Caption-style text data
※
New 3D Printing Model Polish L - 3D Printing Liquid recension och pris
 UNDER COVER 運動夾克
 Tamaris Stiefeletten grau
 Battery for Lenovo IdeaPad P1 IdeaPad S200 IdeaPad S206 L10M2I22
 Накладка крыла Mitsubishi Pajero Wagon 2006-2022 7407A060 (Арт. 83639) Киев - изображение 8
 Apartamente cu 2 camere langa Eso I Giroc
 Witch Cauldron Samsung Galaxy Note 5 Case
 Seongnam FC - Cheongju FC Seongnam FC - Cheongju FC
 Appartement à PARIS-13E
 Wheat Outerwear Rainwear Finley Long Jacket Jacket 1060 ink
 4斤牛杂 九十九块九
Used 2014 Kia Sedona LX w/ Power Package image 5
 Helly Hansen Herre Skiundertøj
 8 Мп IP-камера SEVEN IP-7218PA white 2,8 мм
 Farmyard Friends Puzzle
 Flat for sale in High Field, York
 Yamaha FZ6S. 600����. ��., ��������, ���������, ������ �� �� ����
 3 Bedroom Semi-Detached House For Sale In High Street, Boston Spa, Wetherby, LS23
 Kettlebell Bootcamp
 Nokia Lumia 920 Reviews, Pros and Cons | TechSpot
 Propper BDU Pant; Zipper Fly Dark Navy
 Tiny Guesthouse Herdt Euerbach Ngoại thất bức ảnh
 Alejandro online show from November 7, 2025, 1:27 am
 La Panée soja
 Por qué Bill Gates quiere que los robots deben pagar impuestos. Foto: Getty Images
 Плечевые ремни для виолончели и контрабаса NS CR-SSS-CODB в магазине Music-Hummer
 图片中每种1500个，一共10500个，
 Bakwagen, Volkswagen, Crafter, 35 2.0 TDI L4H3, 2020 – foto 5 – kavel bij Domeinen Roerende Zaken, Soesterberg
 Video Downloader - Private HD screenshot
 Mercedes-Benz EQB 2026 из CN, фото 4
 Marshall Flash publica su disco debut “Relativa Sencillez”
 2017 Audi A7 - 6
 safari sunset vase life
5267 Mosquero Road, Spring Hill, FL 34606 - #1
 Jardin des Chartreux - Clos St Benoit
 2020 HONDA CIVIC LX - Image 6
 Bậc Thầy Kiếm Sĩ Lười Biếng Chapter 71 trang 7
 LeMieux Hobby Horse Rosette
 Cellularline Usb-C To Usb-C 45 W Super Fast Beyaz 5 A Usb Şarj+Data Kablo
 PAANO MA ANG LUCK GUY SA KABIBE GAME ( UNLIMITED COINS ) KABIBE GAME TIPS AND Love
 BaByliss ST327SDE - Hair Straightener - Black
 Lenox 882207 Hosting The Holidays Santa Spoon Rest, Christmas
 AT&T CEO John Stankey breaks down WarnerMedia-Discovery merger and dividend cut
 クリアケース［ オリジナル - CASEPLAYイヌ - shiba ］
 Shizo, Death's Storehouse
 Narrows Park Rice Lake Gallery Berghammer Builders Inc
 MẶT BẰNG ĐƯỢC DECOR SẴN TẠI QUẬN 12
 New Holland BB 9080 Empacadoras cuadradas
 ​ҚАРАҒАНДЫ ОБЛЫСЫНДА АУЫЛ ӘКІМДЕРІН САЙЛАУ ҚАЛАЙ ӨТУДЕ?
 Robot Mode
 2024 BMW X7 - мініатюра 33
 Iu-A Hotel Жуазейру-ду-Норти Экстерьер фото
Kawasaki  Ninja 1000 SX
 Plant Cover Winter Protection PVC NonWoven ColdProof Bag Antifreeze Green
※
• **WORK TO BE COMPLETED**
What lines of the data contain the string "фото"? List them.

• **THE ANSWER**
 Mercedes-Benz EQB 2026 из CN, фото 4
 Iu-A Hotel Жуазейру-ду-Норти Экстерьер фото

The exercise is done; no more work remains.